Domande senza certezze. L’unica sicurezza è quel frammento di me piegata sul cesso la mattina dopo mentre, tra la bile e le due birre bevute la sera precedente, tentavo di rimettere anche la sensazione della sua mano sul mio corpo.   

Quanto le devo?” 
“Se vieni a letto con me per te è gratis”
Le parole risuonano ancora 
in quell’angolo della stazione a Milano
lasciate all’ombra 
di una vergogna
che spoglia 
davanti al silenzio.  

La notte ancora ha concesso lo spazio. Il vuoto ha portato alla luce le linee del mio volto, indurite da quella risposta a cui non volevo credere. Per tre volte ho chiesto di ripetermi ciò che aveva detto. Per tre volte ho lottato con la speranza di sbagliarmi, mentre nelle ossa soffiava la vergogna. 
Quella vergogna che era giusta condanna per non aver saputo come reagire e per aver avuto “l’ardire” di sentirmi bella, poco prima, nello specchio di casa mia.
Ho rivisto il dito, il mio dito, ancora una volta puntato contro di me, unica imputata mentre la mia rabbia urlava l’innocenza che non mi sono mai concessa.  

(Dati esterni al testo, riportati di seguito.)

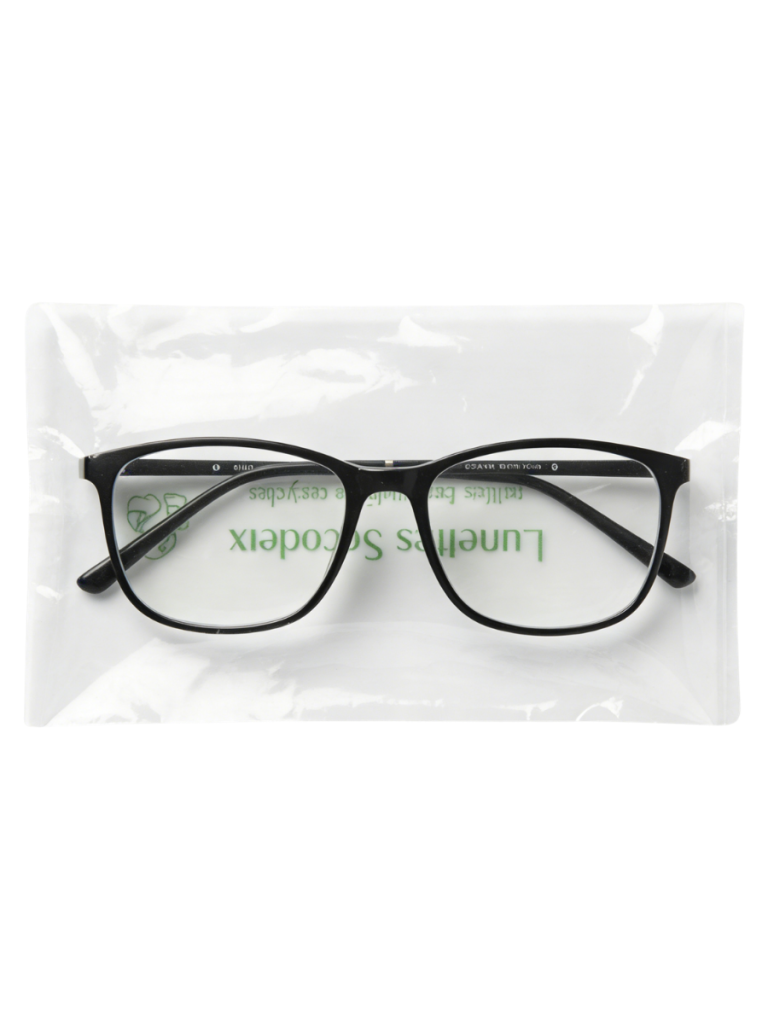 Recyclable Bags-ECO-packaging Recyclable Bags-ECO-packaging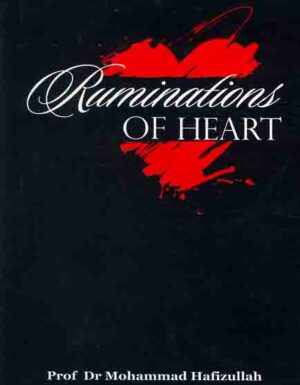 Ruminations Of Heart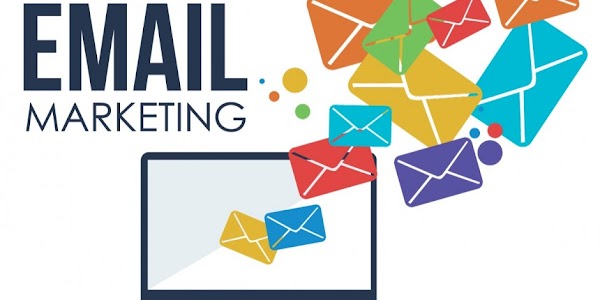 Las principales razones por las que el marketing por correo electrónico es clave para su estrategia de negocios Las principales razones por las que el marketing por correo electrónico es clave para su estrategia de negocios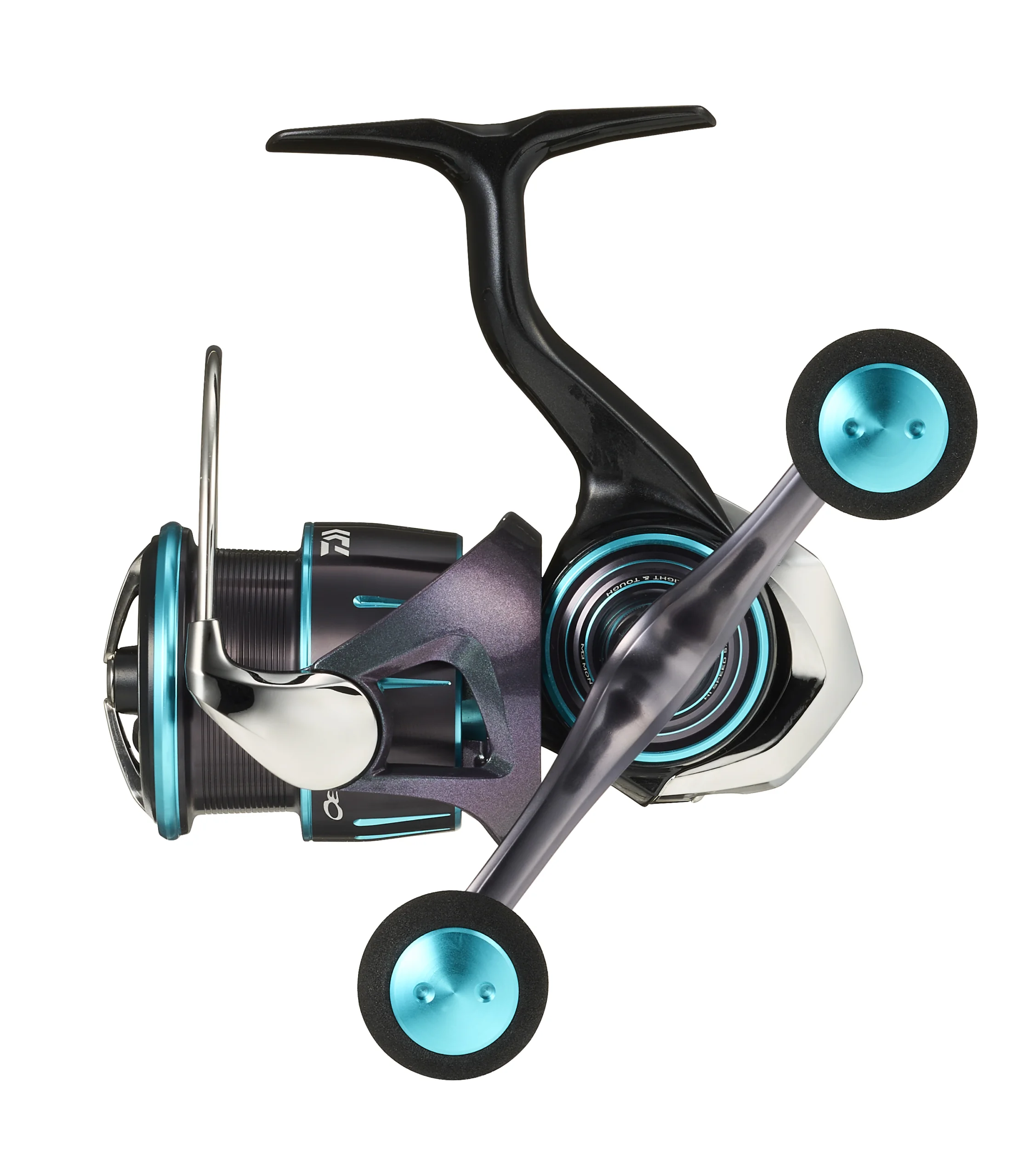 Daiwa 23 Emeraldas RX LT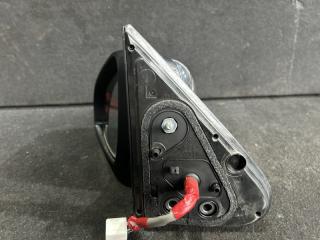 Зеркало левое TOYOTA SPADE NCP145 5 ракурс
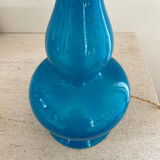 Grande lampe « Poire »
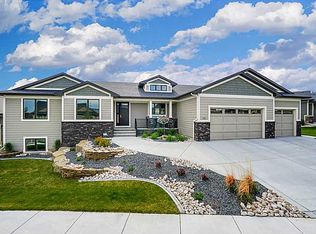 3116 Peregrine Ln, Billings, MT 59106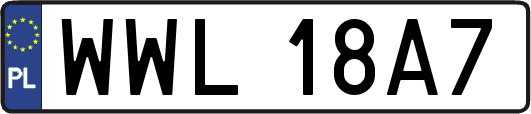 WWL18A7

Così dal vuoto si è ridisegnata la realtà. 

Di ogni tratto però non sono responsabile. Quelle immagini, che il buio mi ha riconsegnato, non sono mai state mie. Appartengono ad una società malata. La stessa che oggi, il 25 novembre, parlerà di violenza contro le donne ipocritamente. 

Condivideranno foto sui profili social e sprecheranno parole ma il giorno dopo sarà già tutto dimenticato. Non interverranno per fermare gli amici dal compiere una molestia, non alzeranno la voce per quella collega costretta al licenziamento perché madre, non si presenteranno in aula il giorno in cui si discuterà un disegno di legge in contrasto alla violenza di genere. Non faranno nulla di tutto ciò perché in fondo “ce la siamo cercata”. Così sopravvivono catcalling, molestie, stupro, femminicidi in una società che continua a non voler vedere, a ignorarci mentre moriamo. 

Eppure a volte sarebbe così facile, non si dovrebbe neppure “aprire gli occhi”. A volte basterebbe solo saper ascoltare.  Ascoltare il buio.